Plusieurs ébauches ont été formulées et parfois mises en œuvre à travers
la formation des pêcheurs et leur fourniture en pirogues, filets,
hors-bord et carburant. Mais cela n’a pas suffi visiblement pour faire
décoller véritablement la pêche.
Face aux multiples blocages enregistrés jusqu’ici, quoi de mieux que
l’aquaculture pour sortir de l’ornière. L’élevage du poisson est une
pratique très mondialisée qui a fait ses preuves dans beaucoup de pays
sans accès à la mer. Longtemps pratiquée sur une base familiale, cette
activité attire de plus en plus d’opérateurs économiques camerounais.
Ici et là, se créent de vastes exploitations de plusieurs hectares comme
celle d’Eco Park à Yaoundé.
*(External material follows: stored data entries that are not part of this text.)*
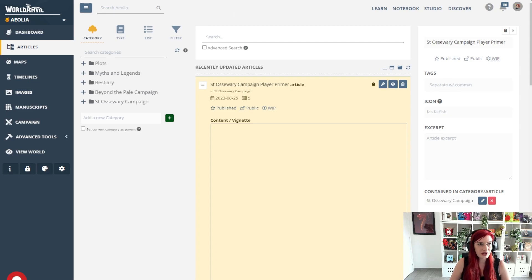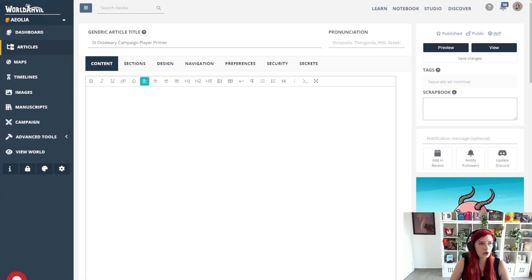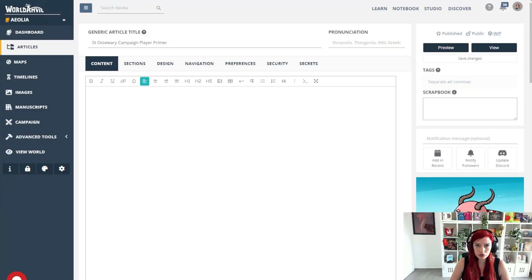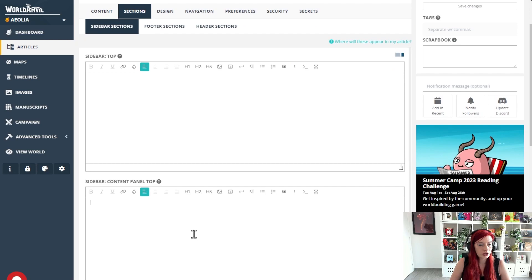So let's say I want a list of all of my session reports. I'm going to put it in the sidebar so I'm going to sections sidebar top and I'm going to use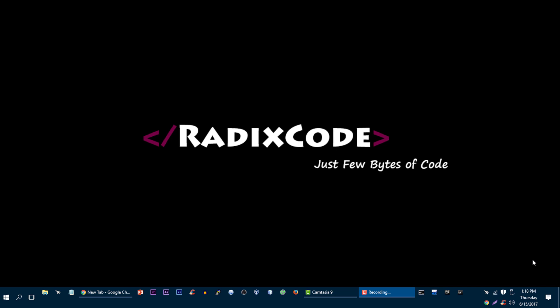Hi, welcome back. If you are an Android developer and you want to create your Android application in Kotlin language, then this video is for you.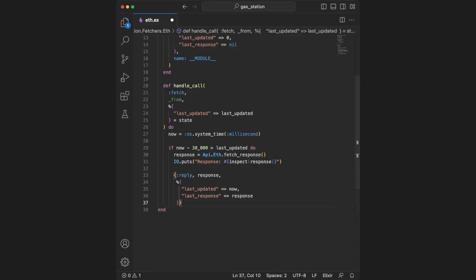As a return value, since we want a response from this function, we have the atom reply. The second value is the actual reply response, and the third value is the new updated state for the gen server. If it's been less than 30 seconds, we still respond with another reply that sends the last_response stored in state, returning the state unchanged.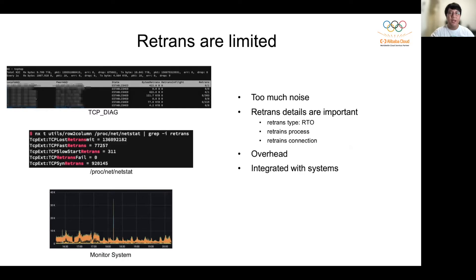Finally, retransmission is more likely to occur on the internet. Sometimes the internet path is not sensitive to latency. Of course, overhead is also important. There is also a need to provide an easy-to-integrate interface for monitoring systems. In summary, we decided to use eBPF to develop our retransmission tracking analysis tools.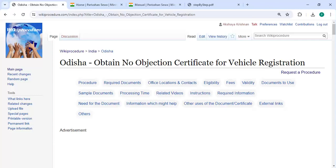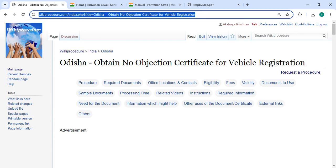Hey guys, welcome to Wiki Procedure video channel. Please subscribe to our channel for more informative videos. In this video, we are going to see how to obtain a No Objection Certificate for vehicle registration in Odisha.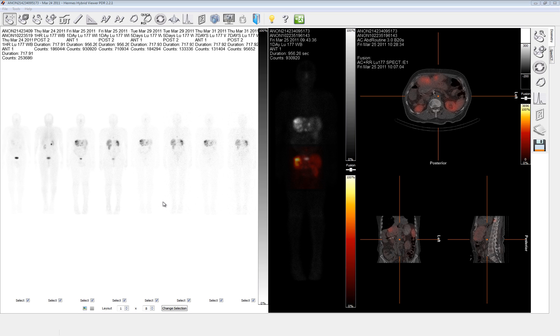Hello, this is Andrew Preeto with Hermes Medical, and I'm happy to show you today the use of our Hybrid Dose 2.0 program. This program is intended to streamline the processes of obtaining the residence time for each organ of interest to facilitate the MIRD-approved S-Factor dose calculations.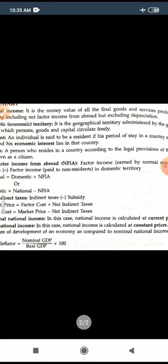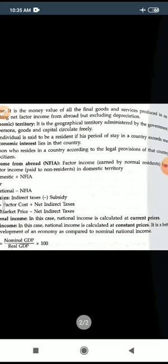The money value of all the final goods and services produced in an economy, including net factor income from abroad but excluding depreciation.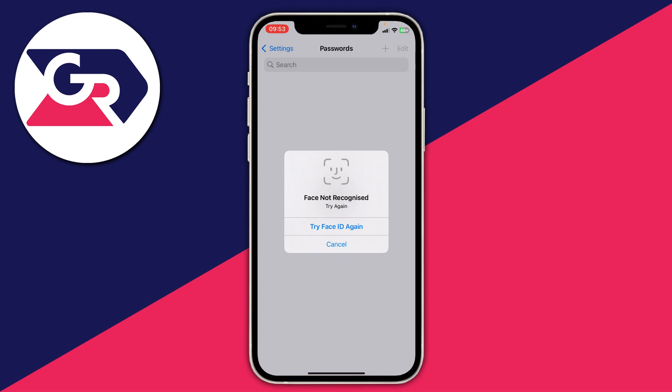Then you can use the search function at the top to search for 'Apple' or something like that, to see if you've already saved your Apple ID password.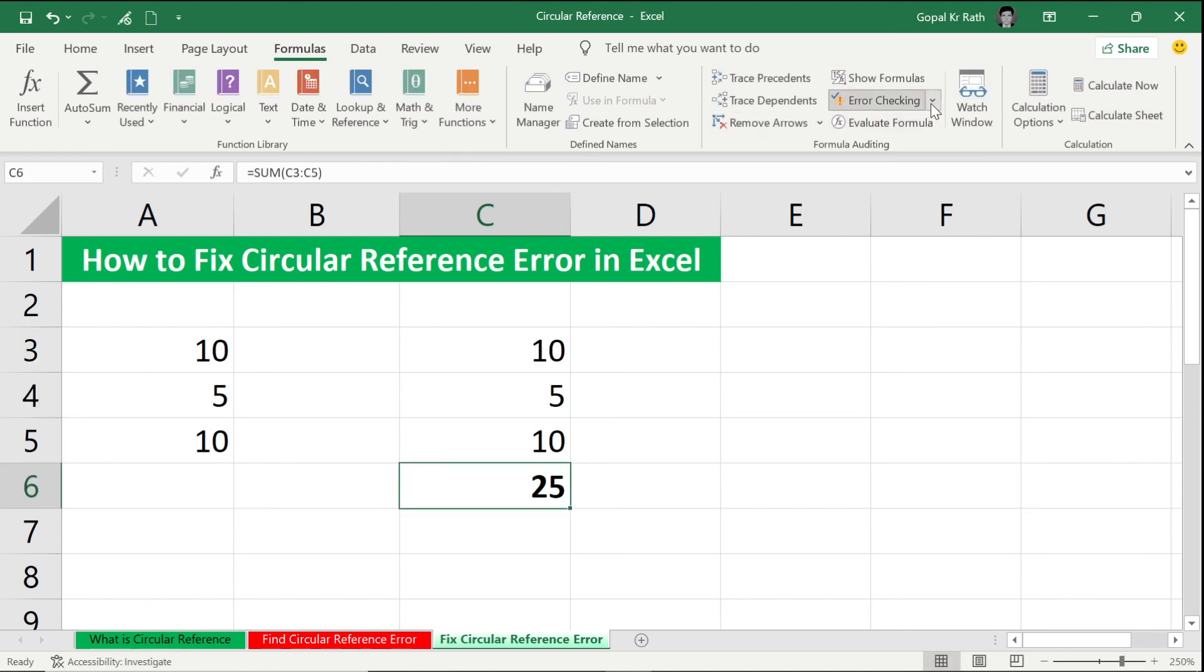can see here Error Checking, Circular Reference is faded and there is no circular reference. This is all about the circular reference error in Excel.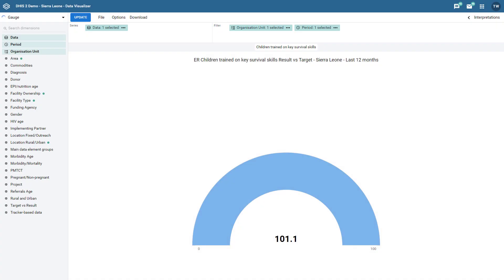In this overview we will review some enhancements that have been made to the data visualizer app. We will discuss some quality of life improvements made to chart titles, including the gauge chart type, as well as when using relative periods, organization unit groups, and organization unit levels. We will also show you a new chart type, the single value chart.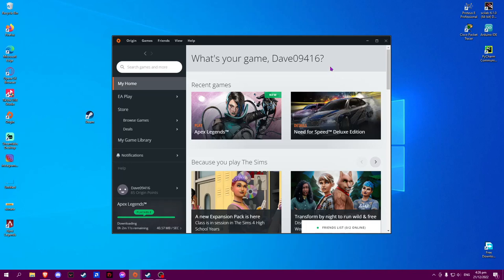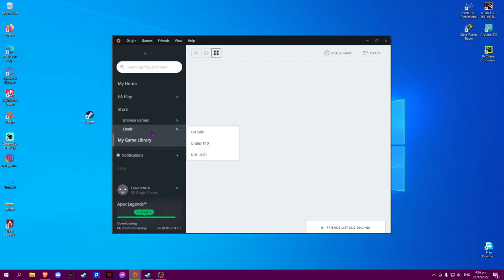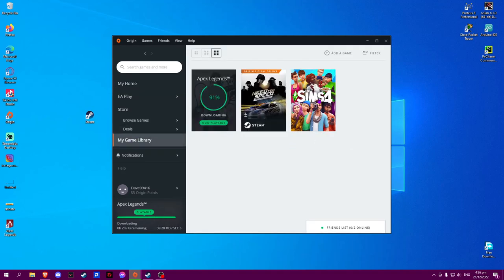In this video I will show you how to fix an Origin game library that is empty. Sometimes when you open your library, your games or apps will not show up.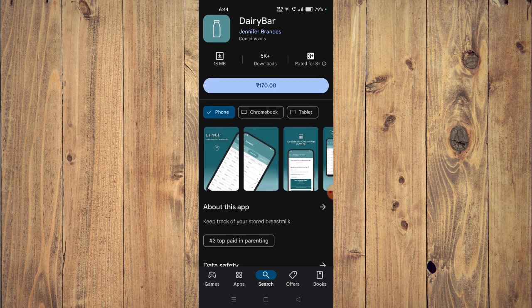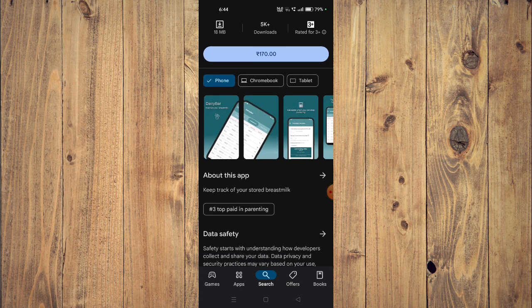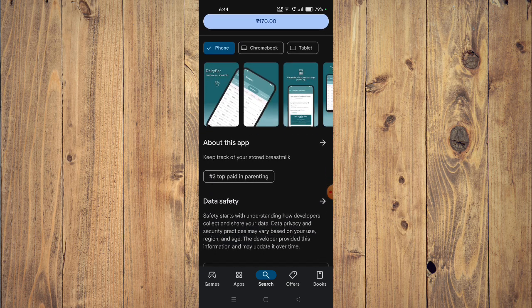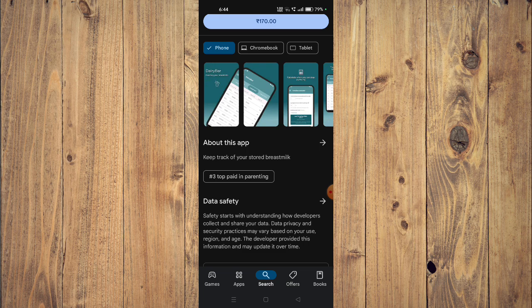Now you can scroll down and read about the app. It's top three paid in parenting and it says keep track of your stored breast milk.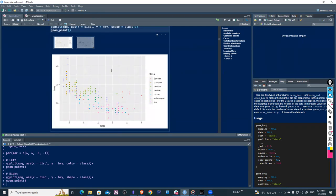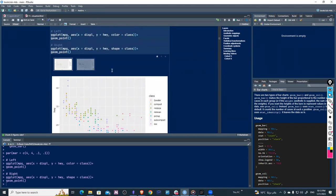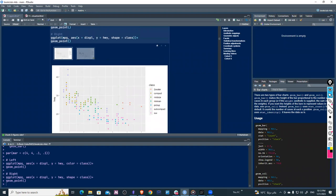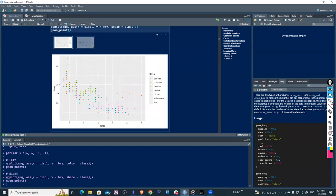In the aesthetics part, we have multiple aesthetics. We use the aes() function which implements the mapping. There are two required variables we must pass: x and y. Others like color, shape, and size are optional. Here x is displacement, y is highway fuel efficiency, and color is mapped to class — so the x-axis is displacement, y-axis is highway, and points are colored by class.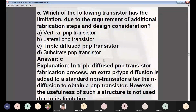Question 5: Which transistor has limitations due to additional fabrication steps and design concentration? Options: (A) vertical PNP, (B) lateral PNP, (C) triple diffused PNP, (D) substrate PNP. Answer: C — triple diffused PNP transistor. In triple diffused PNP transistor fabrication, an extra P-type diffusion is added to a standard NPN transistor after the emitter diffusion to obtain a PNP transistor. However, the usefulness of this structure is limited due to these additional steps.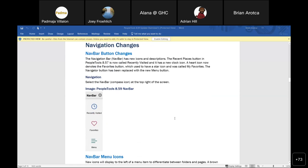A few changes have been made to the nav bar images and labels. 'Recent Places' is now called 'Recently Visited' with a slightly different clock icon. 'My Favorites' is now simply called 'Favorites' — the yellow star icon is replaced with a heart icon. All your saved favorites will be retained after the upgrade. 'Navigator' is now called 'Menu' with a new icon — it still works the same way to drill down through the menu hierarchy.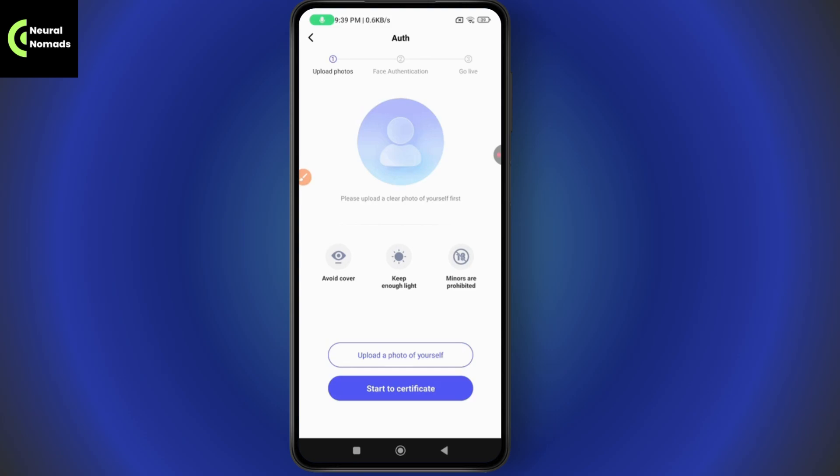If you try to authenticate your face and it says authentication failed, it might be because multiple authenticated accounts are not allowed on Popo Live. In this situation, go to the bottom of your screen.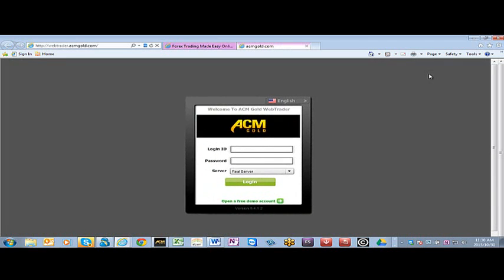Since WebTrader is a very simplified platform, you won't be able to do everything you can do on MT4 like creating a template or a profile, but it sure comes in handy when you need quick access.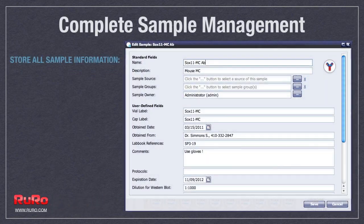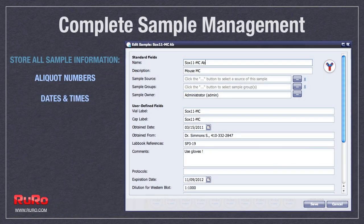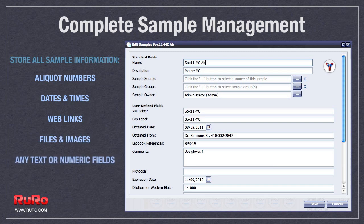Store all sample information, aliquot numbers, dates, web links, and images. Set alerts, generate reports, and much more.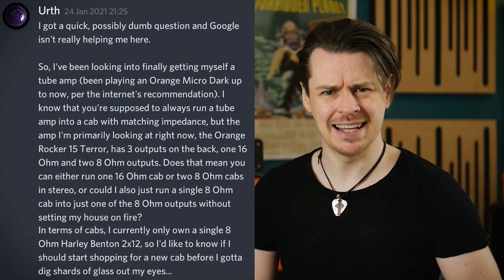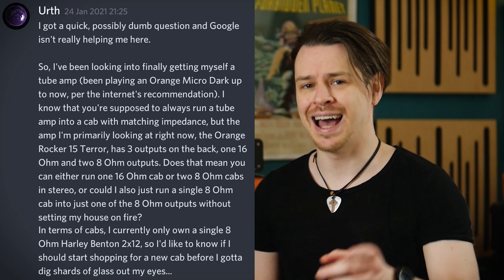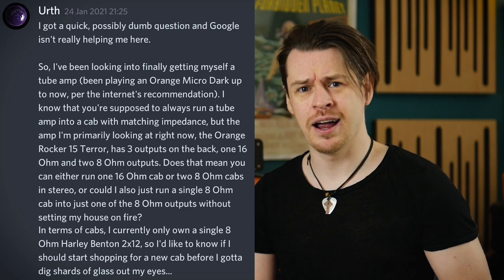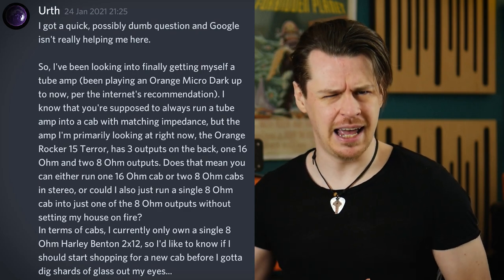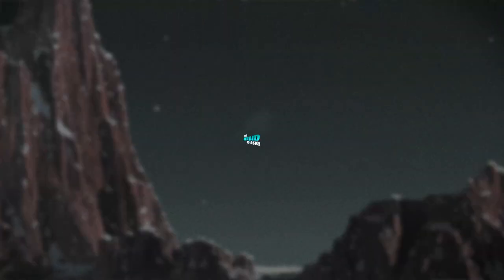This question popped up recently in the CS Guitars Discord, which is a great place to have your technical questions answered, and it asks specifically about the speaker outputs on the back of an Orange Terror Amplifier and which and how many cabinets can be connected to it. This is a great example of a very general question, as many amplifiers only label the impedances without any further information, and if you don't remember your high school physics lessons it can be very easy to make a mistake when choosing which cabinets to plug in. So we're going to talk about impedance and how to correctly connect cabinets so that you can no longer be too afraid to ask.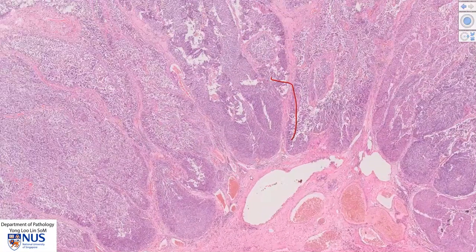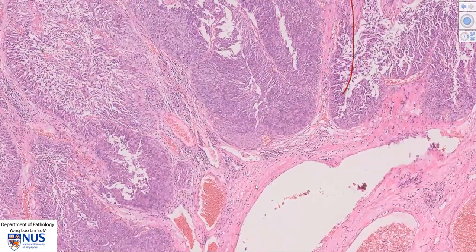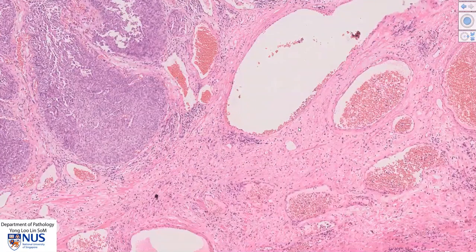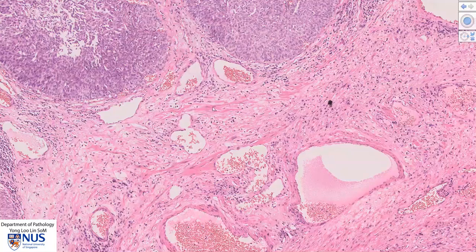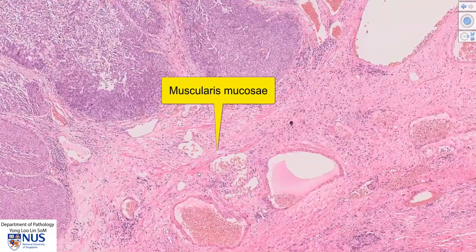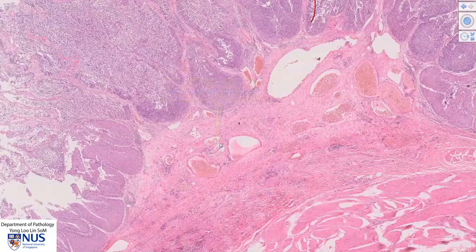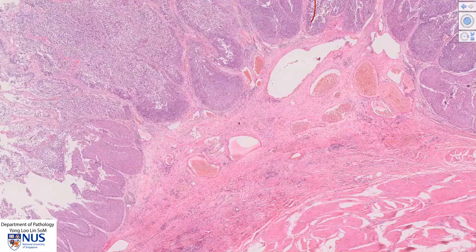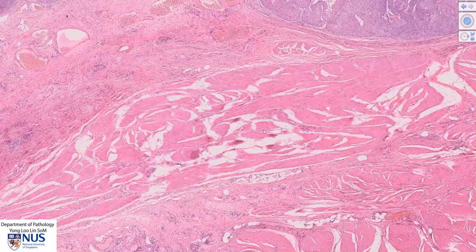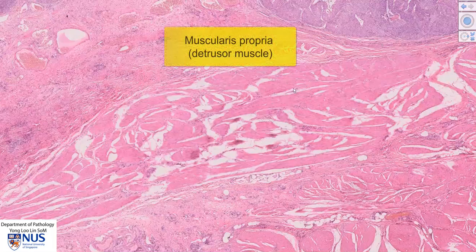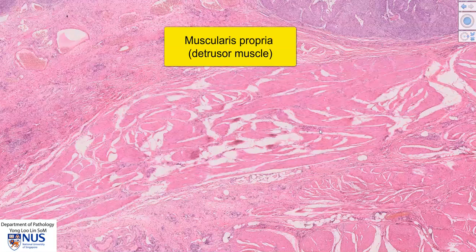Just beneath the urothelium we have the lamina propria, and we can see some blood vessels here. We also see some very delicate, thin bundles of smooth muscle. This is not the muscularis propria, but rather this is the muscularis mucosae. It is still part of the lamina propria of the bladder wall, unlike these very thick pink muscle bundles, which is the detrusor muscle or the muscularis propria.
Selon les projections, la production
piscicole pourrait atteindre les 100.000 tonnes d’ici une décennie. La
création des milliers d’emplois devrait aller de pair avec
l’augmentation de l’offre nationale, la réduction des importations et
l’amélioration de la balance commerciale. Il n’en demeure pas moins que
c’est une activité délicate qui nécessite en aval des capacités
techniques, managériales et financières dont la mise en place requiert
l’appui des structures spécialisées. Les stations aquacoles de Jakiri,
Foumban, Maroua, Mbalmayo et Dschang ne sont pas toujours sorties du
cadre expérimental. Il a été prouvé que le plus dur ce n’est pas
l’ouverture des étangs, mais la disponibilité en alevins à forte
productivité, en aliments appropriés et autres inputs indispensables.
Les nouvelles structures de recherche à l’instar de l’Institut des
Sciences halieutiques de l’Université de Douala à Yabassi devraient
aider à mieux vulgariser la pisciculture auprès du grand public. Au même
titre que les structures de financement appelées à appuyer davantage
des initiatives privées qui ne demandent qu’à se multiplier dans
l’avenir.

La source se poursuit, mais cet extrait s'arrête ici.